Cerca di aprire la porta della carrozza numero 4 e lo fa nel modo giusto : preme il pulsante verde alla sua sinistra una due tre volte ma la porta automatica non si apre. Sbuffa e riprova con più foga. Niente. Indietreggia in una smorfia lasciandosi cadere sul seggiolino a molla smollato e fissa il pulsante con la mestizia rabbiosa di un bimbo in castigo, poi parte alla carica. Colpisce la porta con le spalle, i gomiti, il ginocchio. Niente. Allarga le braccia e si appiattisce al muro come un vecchio poster di sé stesso.

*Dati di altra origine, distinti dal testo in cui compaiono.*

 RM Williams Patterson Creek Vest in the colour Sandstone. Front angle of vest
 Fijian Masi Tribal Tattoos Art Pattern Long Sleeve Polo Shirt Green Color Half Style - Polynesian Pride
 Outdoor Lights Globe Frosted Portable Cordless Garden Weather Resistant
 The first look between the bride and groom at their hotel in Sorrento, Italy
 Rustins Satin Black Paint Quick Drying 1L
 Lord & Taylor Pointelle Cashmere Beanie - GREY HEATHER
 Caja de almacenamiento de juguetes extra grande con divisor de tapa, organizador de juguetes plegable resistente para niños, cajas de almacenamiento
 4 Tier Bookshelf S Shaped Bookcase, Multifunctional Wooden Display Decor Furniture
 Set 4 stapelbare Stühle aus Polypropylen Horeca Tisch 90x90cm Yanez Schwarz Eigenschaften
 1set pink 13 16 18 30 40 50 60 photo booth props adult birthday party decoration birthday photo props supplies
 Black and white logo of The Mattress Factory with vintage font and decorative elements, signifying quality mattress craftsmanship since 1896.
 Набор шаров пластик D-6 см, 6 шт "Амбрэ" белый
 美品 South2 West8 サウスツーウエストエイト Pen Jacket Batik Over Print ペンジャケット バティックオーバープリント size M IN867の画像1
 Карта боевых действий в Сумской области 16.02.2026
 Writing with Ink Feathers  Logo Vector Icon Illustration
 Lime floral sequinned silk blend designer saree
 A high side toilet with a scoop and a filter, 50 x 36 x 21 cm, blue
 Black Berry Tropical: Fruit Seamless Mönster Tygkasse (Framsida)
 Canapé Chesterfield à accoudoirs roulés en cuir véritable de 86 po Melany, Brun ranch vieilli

E allora entra lei : bella presenza e belle speranze , abitino a collo alto di elastan il 15 luglio senza un filo di sudore e la crocchia biondo grano tenuta da un bastoncino per sushi che a noialtre cadrebbe in un respiro, a lei no. Cercando in borsa preme distratta il pulsante verde e -SWHISSH- senza quasi rallentare l'andatura passa nella carrozza successiva , la numero 4.
L'uomo si muove, troppo lento per approfittare della porta aperta che si chiude slittando sul suo faccione imbalsamato in una domanda onesta quanto inutile : perché per alcuni è così facile? Perché a qualcuno si aprono automaticamente tutte le porte, invece altri possono contare solo fino a 3?
Non gli rispondo, se non altro perché non ne ho proprio idea.